Another correction appears for husband-wife team found to have manipulated images
Alejandra Bravo and Mario Soberon, a wife-husband research team at the National Autonomous University of Mexico (UNAM) who received sanctions — later lifted — for manipulating images in a number of papers have corrected another article.
The paper, “The mitogen-activated protein kinase p38 is involved in insect defense against Cry toxins from Bacillus thuringiensis,” appeared in Insect Biochemistry and Molecular Biology in 2010 and has been cited 23 times, according to Thomson Scientific’s Web of Knowledge. Here’s the correction notice:
The authors regret that Figure 1 and Figure 3 were edited without making clear that some of the images were merged images that came from different gels. The corrected Figure 1 and Figure 3 composed of original blots or replicas of the same experiments now makes clear that some of the images came from different gels. This correction does not affect the conclusions of the paper. The authors would like to apologise for any inconvenience caused.
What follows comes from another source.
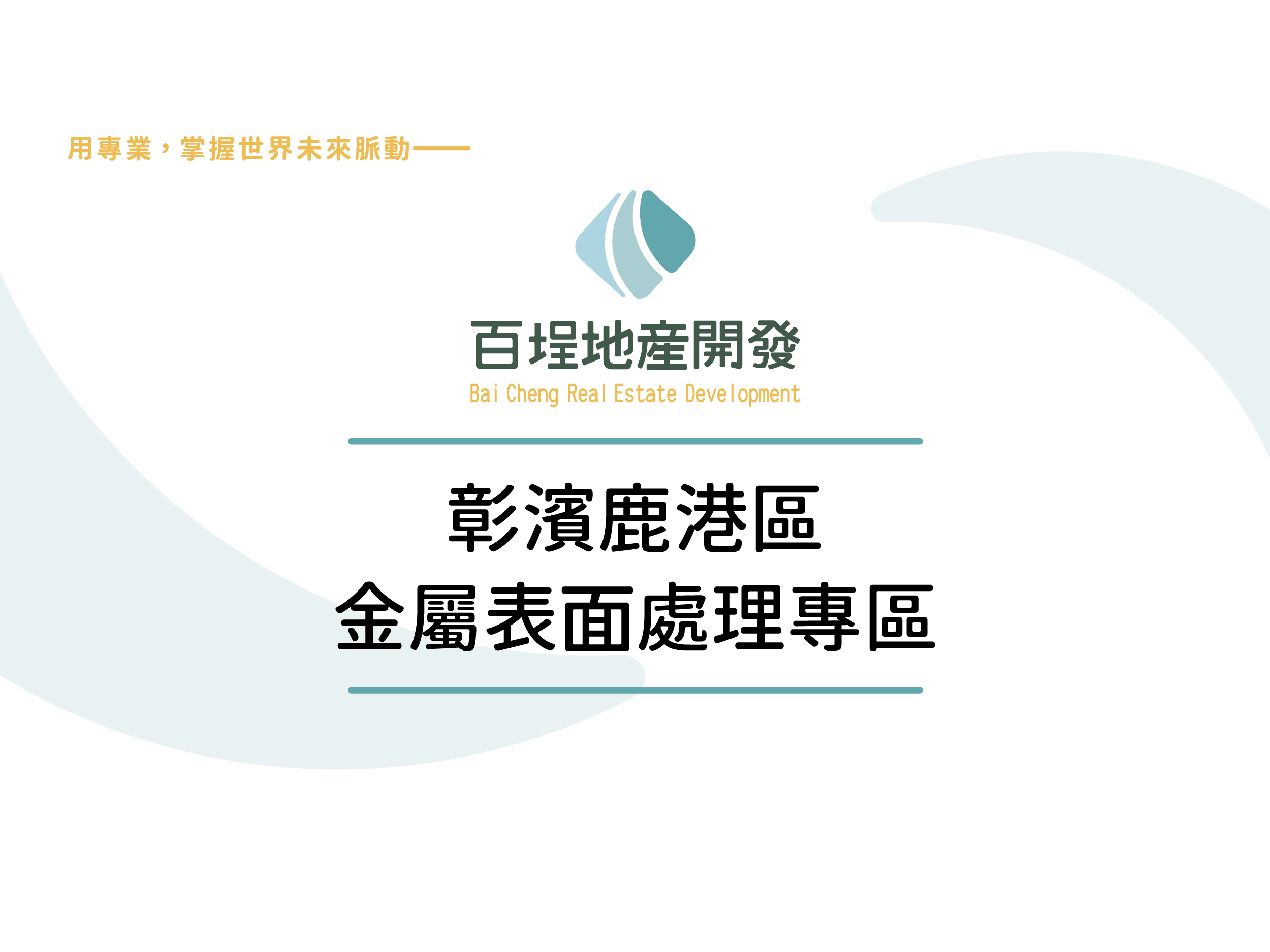 彰化縣鹿港鎮彰濱產業園區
Phosphorylation of MAPK p38 in insects after intoxication with Cry toxins. Panel A, first instar Manduca sexta larvae were intoxicated with 2 ng/cm2 (LC50) or 20 ng/cm2 Cry1Ab for up to 1 h. M. sexta larvae were also treated 1 h with the non-toxic mutant Cry1Ab-R99E affected in oligomerization and pore formation. Panel B, fourth instar Aedes aegypti larvae were fed an LC50 of Cry11Aa toxin or the non-active mutant Cry11Aa-R90E. The presence of phosphorylated and total MAPK p38 proteins was analyzed by western blot using specific antibodies. The blots presented here are representative figures of three independent experiments. Numbers under the blots are percentage in relation to the control band (no toxin or time 0, which was considered as 100%), after scanning the bands. Ph-p38, phosphorylated MAPK p38; p38, total MAPK p38.
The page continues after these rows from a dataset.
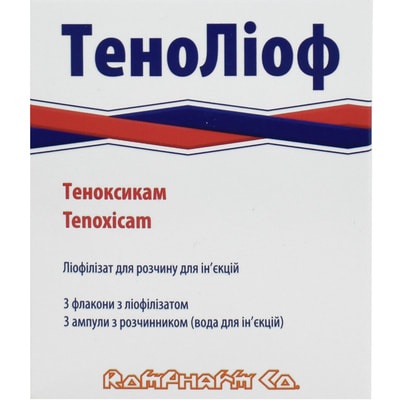 TENOLIOF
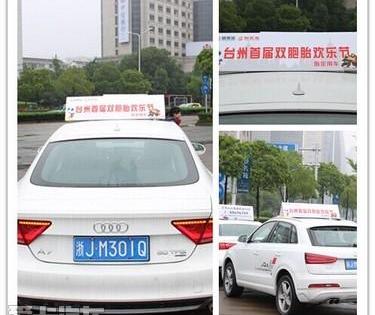 奥迪,奥迪A7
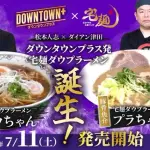 【悲報】松本人志さん、ラーメン屋になってしまうｗｗｗｗｗｗｗｗｗｗ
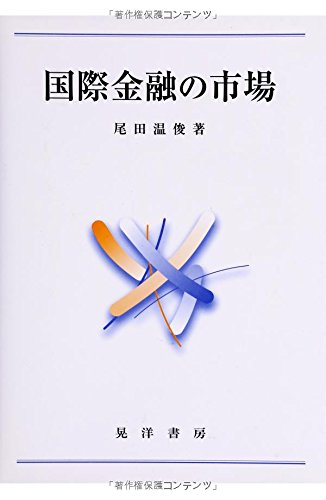 国際金融の市場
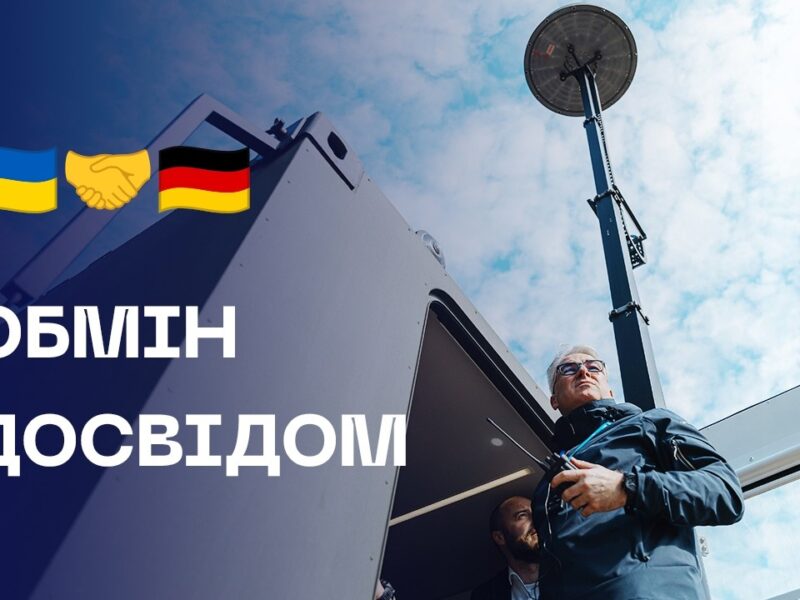 🤝 МВС України та Німеччини нарощують спроможності у сфері авіаційної безпеки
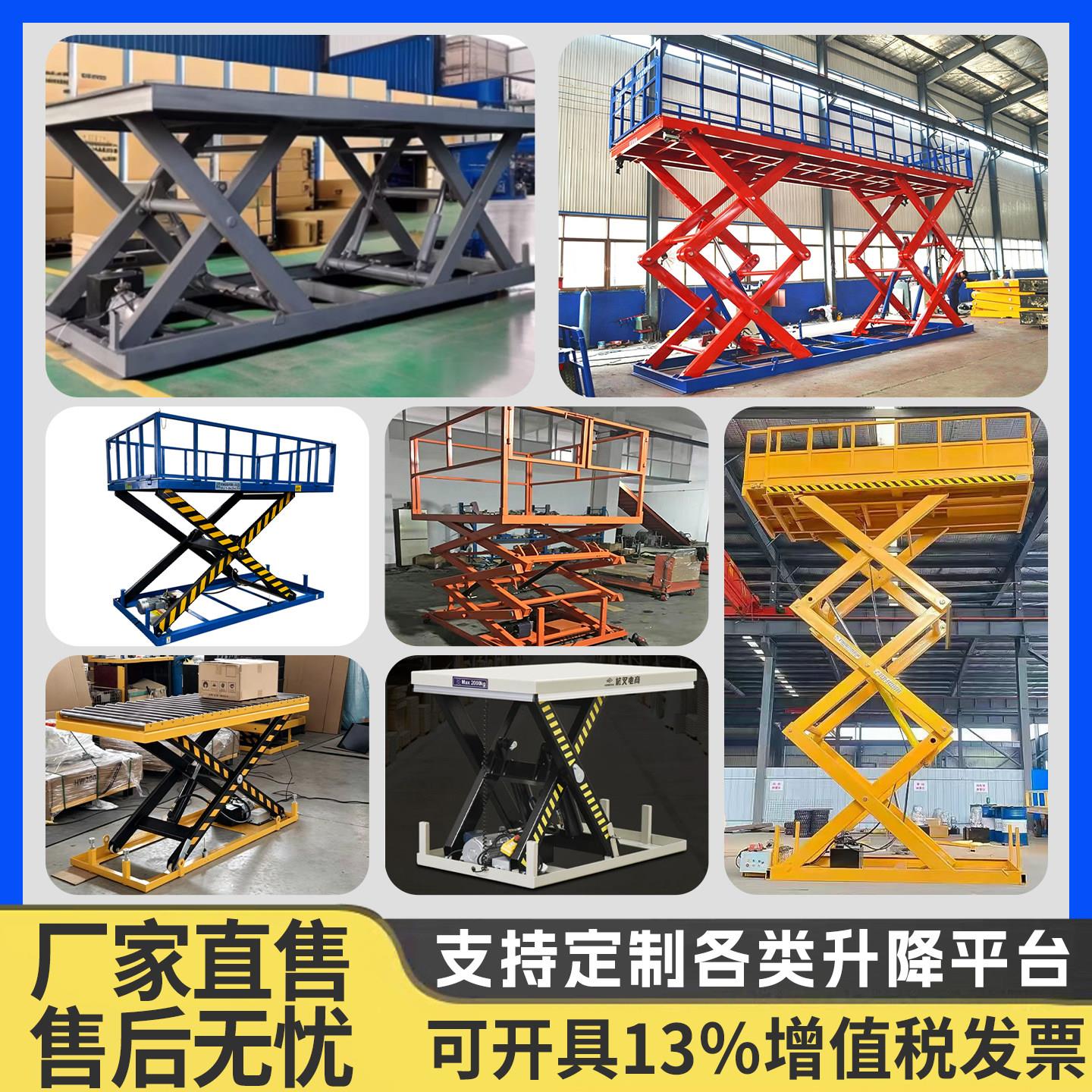 固定升降EMV台液压起重舞剪台定制大型叉装卸货电式动举升机平升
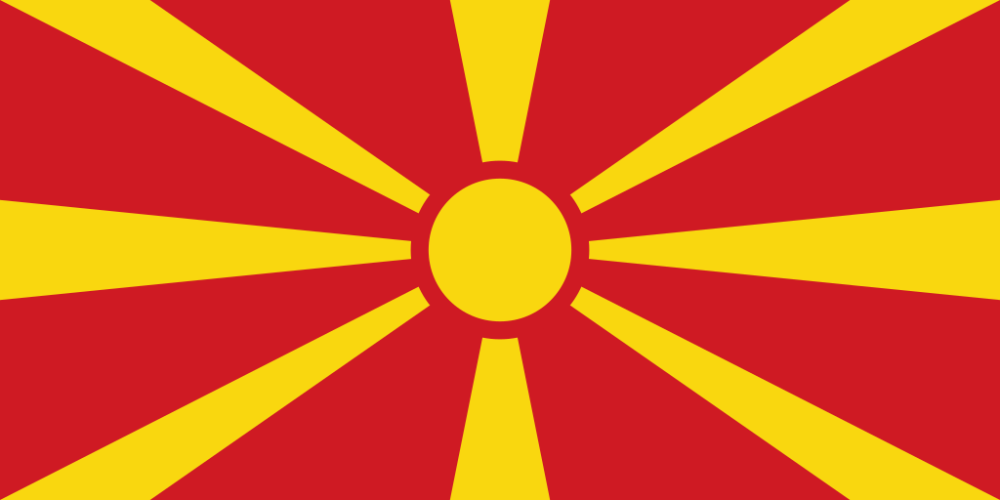 Flag of North Macedonia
Silencing of MAPK p38 by RNAi in Manduca sexta and Aedes aegypti larvae. MAPK p38 expression was silenced by feeding dsRNA to M. sexta and A. aegypti larvae. Panel A, The presence of total MAPK p38 protein was analyzed by western blot assays using specific antibodies. Panel B, The expression of MAPK p38 gene was analyzed by RT-PCR assays. Numbers under the bands are percentage in relation to the control band, after densitometry analysis. The control bands correspond to non-silenced larvae, which were labeled with a C and were considered as 100%.
The university’s findings referred to eleven papers. This is the third correction we’ve seen.